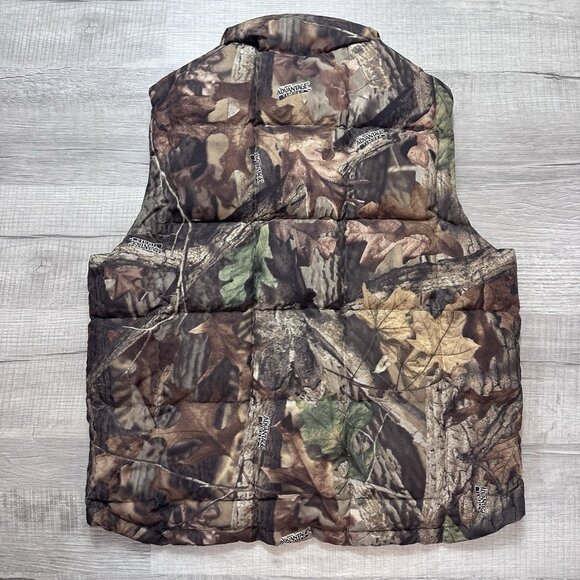 Vintage 10X Jacket Men's Medium Puffer Vest Advantage Camo Hunting Goose Down - Picture 7 of 7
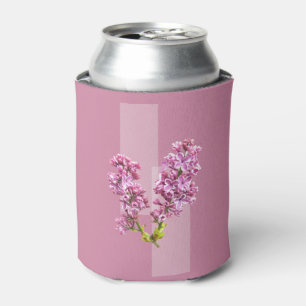 Porta-lata Pote Térmico - Lilases sobre Fundo Lavanda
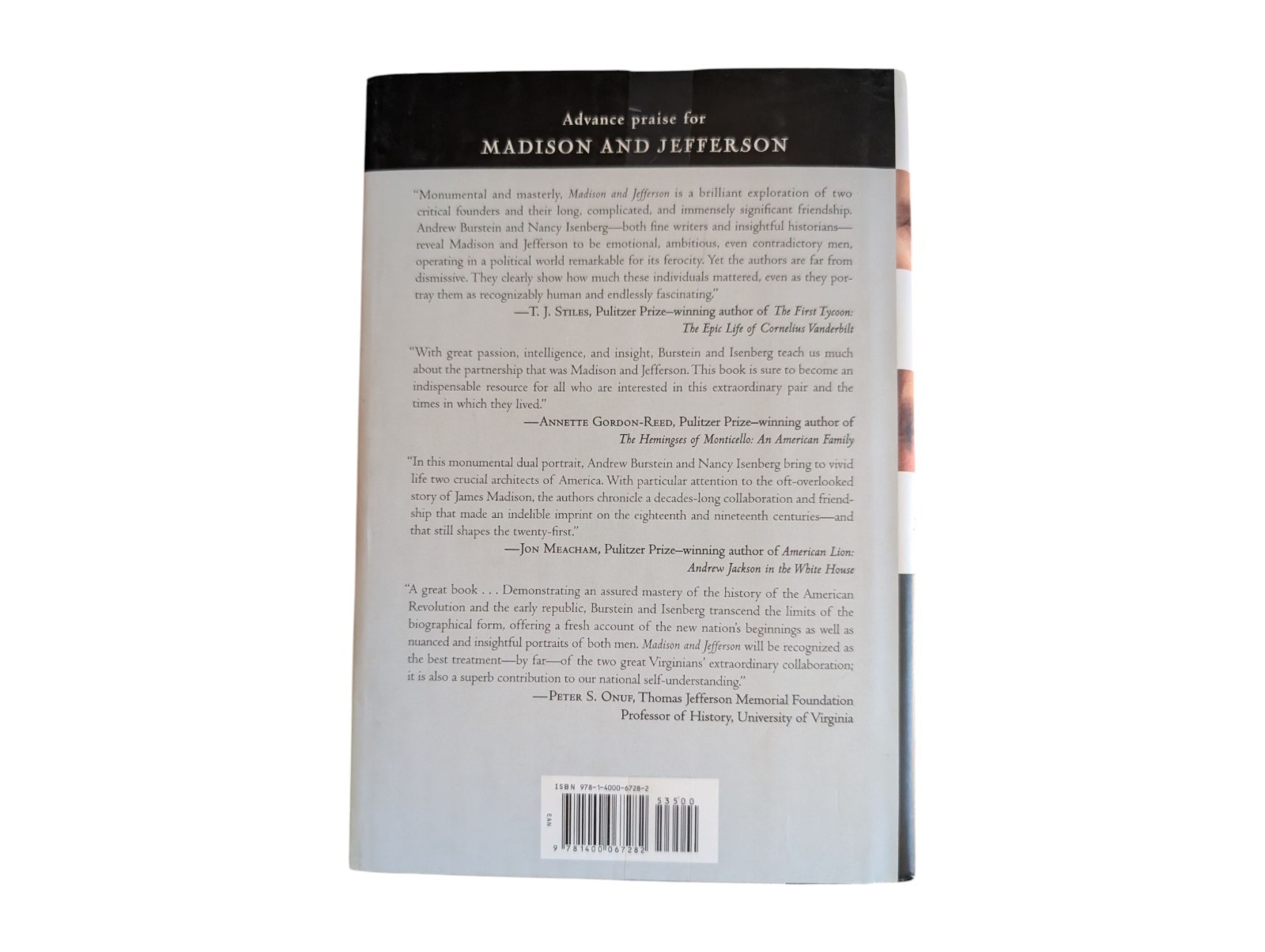 Madison and Jefferson by Nancy Isenberg and Andrew Burstein (2010, Hardcover)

(To do) Nothing but the lines from the one containing "Porta-lata Pote Térmico" through the last line of the material may appear in the answer, transcribed exactly and with no pictures.

(Solved exercise)
 Porta-lata Pote Térmico - Lilases sobre Fundo Lavanda
 Madison and Jefferson by Nancy Isenberg and Andrew Burstein (2010, Hardcover)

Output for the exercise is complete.